Despite the first cold, windy day of Fall, attendance at the Pop-Up was great, so were the conversations it started, and so was the community feedback.

Pontiac, IL History Harvest

In 2019… With your support, we’ll be able to expand A History Harvest with additional research, images and audio memories of the prison farm taken from materials lent to us by community members and interviews with older adults in the conducted by intern our Pontiac intern Michala Matuszewski. We’ve received invitations and encouragement to pop-up again at various venues around the community… so obviously, once was not enough!

Working with local young people

In 2019… Inspired by PPMP team member Brian Buckley’s workshop with Hudson, NY high school students in 2016, and by our experience with our young helpers in Pontiac in 2018, we plan to partner with at least one youth organization in Illinois interested in using local prison history to educate and inspire local youth in Livingston County. We’re excited to bring you more details about that in 2019.
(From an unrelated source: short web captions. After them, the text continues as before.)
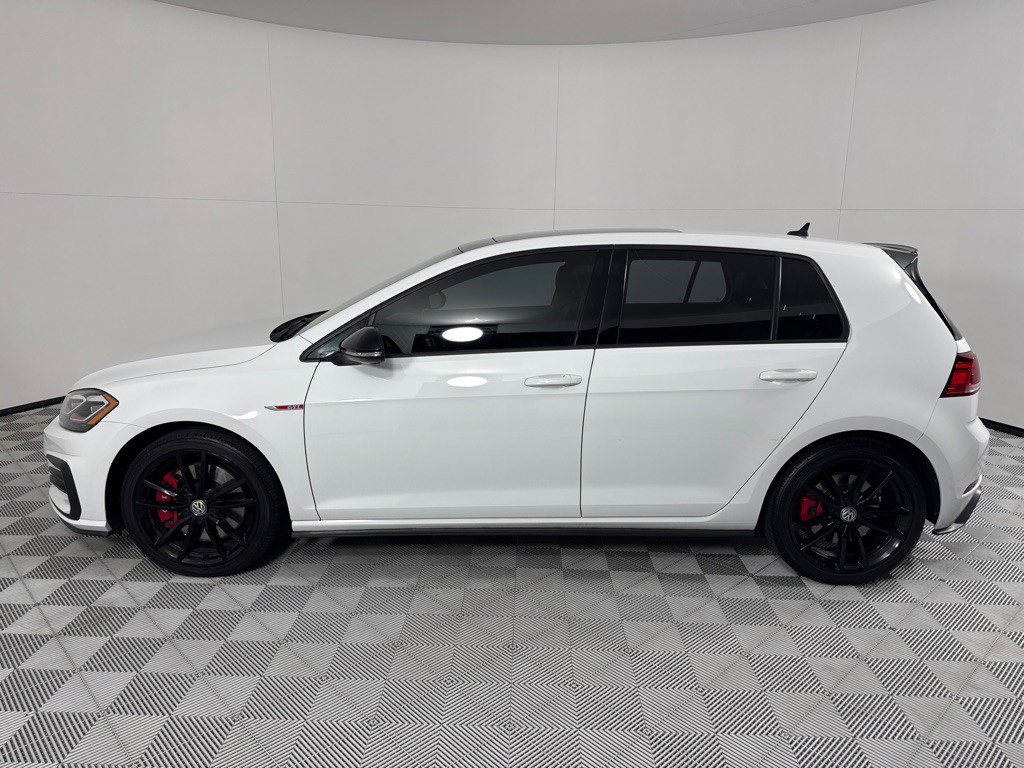 2021 Volkswagen GTI Image 8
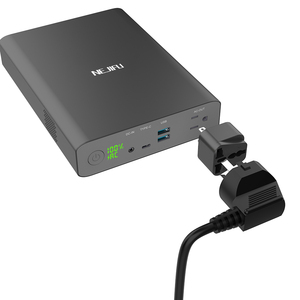 2023 nuevos productos Power Banks 640000mAh AC 110V <span class=keywords><strong>cargador</strong></span> de batería portátil <span class=keywords><strong>para</strong></span> Popular <span class=keywords><strong>Laptop</strong></span> Drone,Mini nevera, ventilador, Ipad, teléfono - Product Image 5
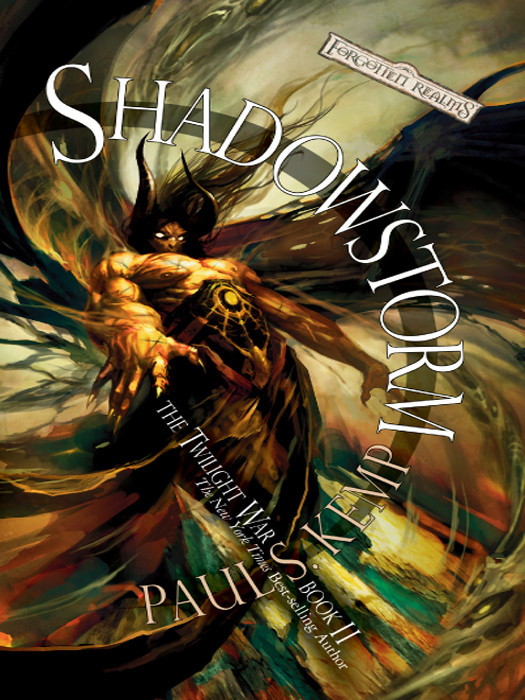 Shadowstorm Paul S Kemp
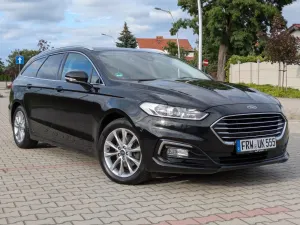 Ford Mondeo Mk5 (2014-) 2.0 EcoBlue Executive 2020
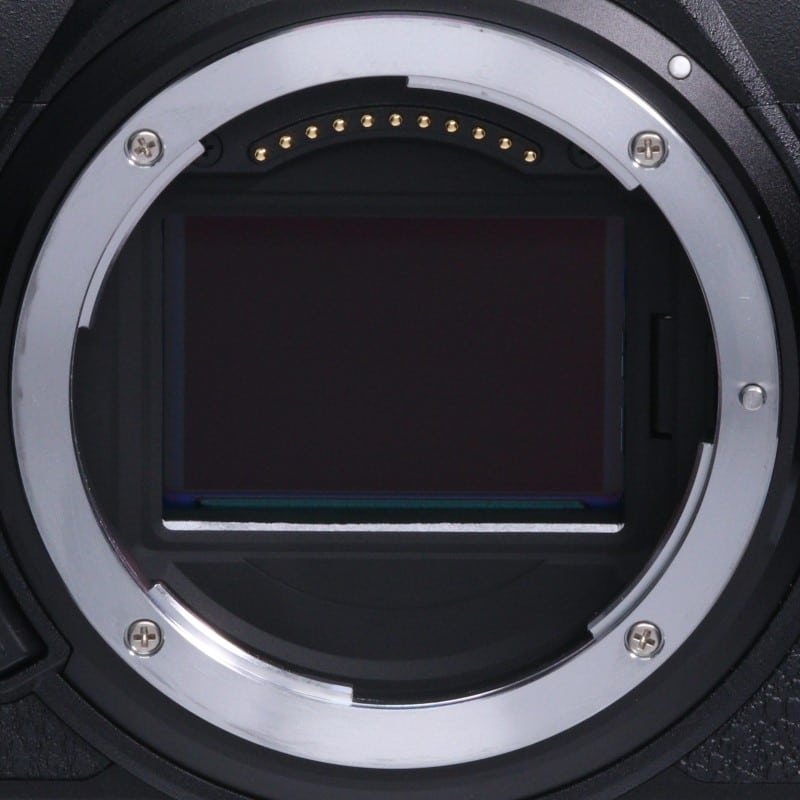 Z6III ボディ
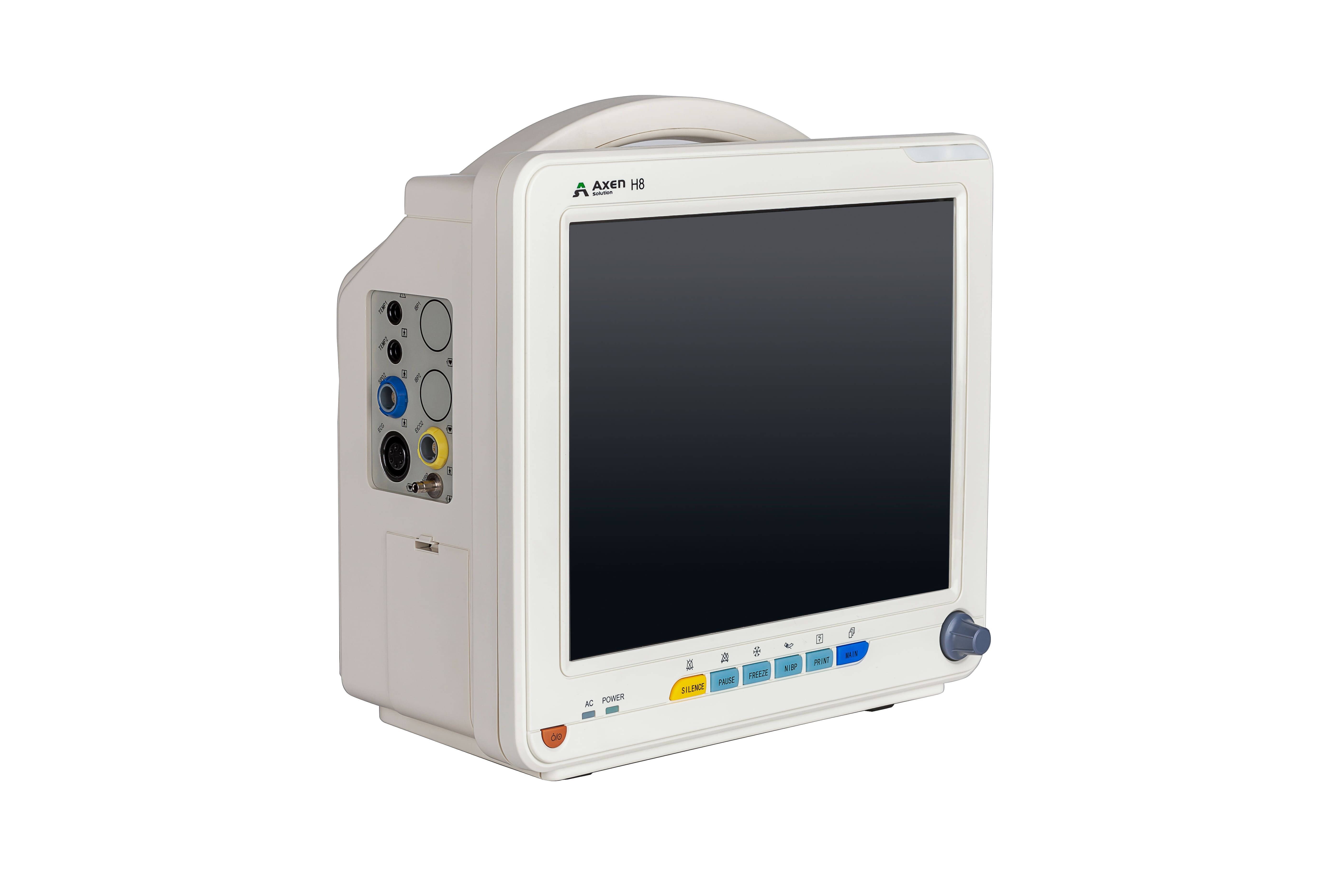 Монітор пацієнта Axen Solution H8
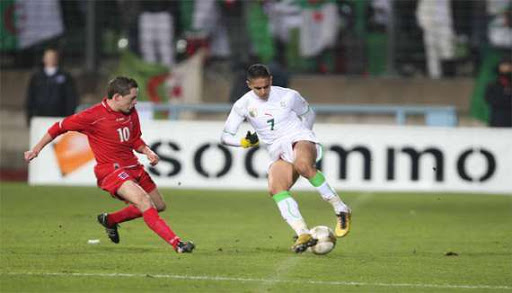 Boudebouz «Il faudra retenir notre bonne réaction face au Luxembourg»
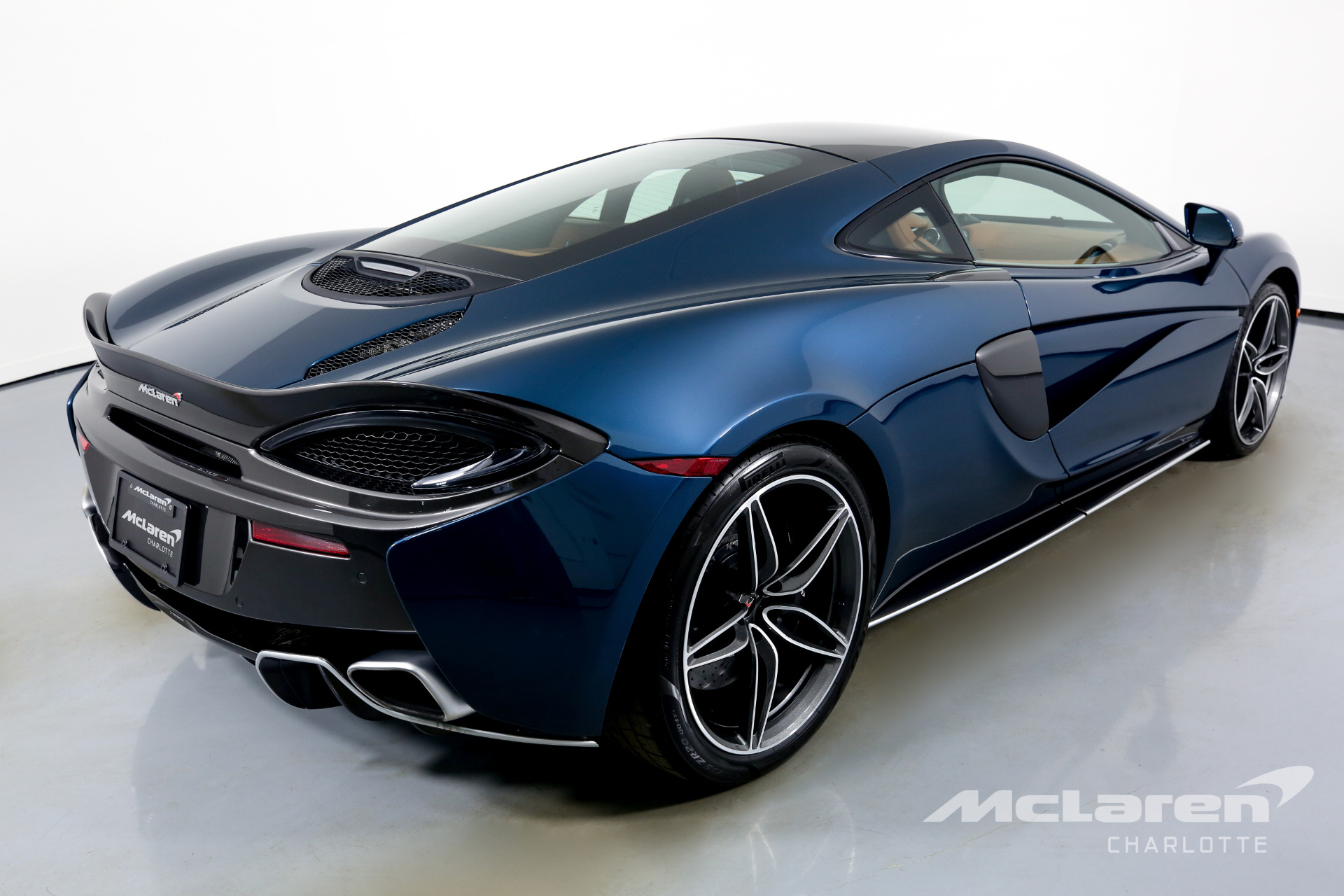 Used 2017 McLaren 570GT | Charlotte, NC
Engaging the community in Hudson, New York

In 2018… We were thrilled to partner once again with the Hudson Area Library to sponsor a community engagement event and create important community conversation, this time about youth incarceration in the Hudson Valley.

In August Dr. Alexandra Cox, author of Trapped in A Vice: The Consequences of Confinement for Young People, joined by PPMP team member Dr. Frankie Bailey, spoke to a rapt audience in the Library’s community room about the history of juvenile justice reform in the United States, in New York, and in the Hudson Valley. After Alexandra’s illustrated talk, Frankie started off the discussion by posing a series of questions that led into a full audience conversation about the cycles of repression and reform in juvenile justice. The conversation was much enriched by the participation of staff at local detention centers and people who had been incarcerated in detention centers who were in the local audience. Many thanks to Dan Udell for videotaping this event so we could share it on PPMP’s YouTube channel.

Alexandra Cox at the Hudson Area Library

In 2019… Plans are being laid for a local event in Hudson of the art project that PPMP team member and artist/educator Maureen McNeil and artist/survivor of solitary confinement at the NYS Training School for Girls, Luz Minerva Muniz, have been working on. Stay tuned for more details!

Luz Minerva Muniz, NYS Training School for Girls

Laying the groundwork for a new site of prison memory?

In 2018… We were privileged to meet citizen historians in the town of Dwight, Illinois and welcomed them to our Pop-Up Museum in Pontiac. Dwight, just a few miles north of Pontiac, hosted an historic reformatory and then a prison for women from 1930 to 2013 when former Governor Pat Quinn closed the prison. We’ve been talking to community members who worked at the prison, reviewing some primary source materials and work by scholars, and we think there is some fascinating and important prison history there.

In 2019… We hope to continue getting to know the community of Dwight and educating ourselves about the town and the critical role its prison played in the history of women’s incarceration. Stay tuned!

Dwight Correctional Facility

That wraps up this report on the Highlights of PPMP’s work in 2018 and a preview of our plans for 2019.

We send our best wishes to you for a joyous holiday season and a new year filled with hope, health, and happiness.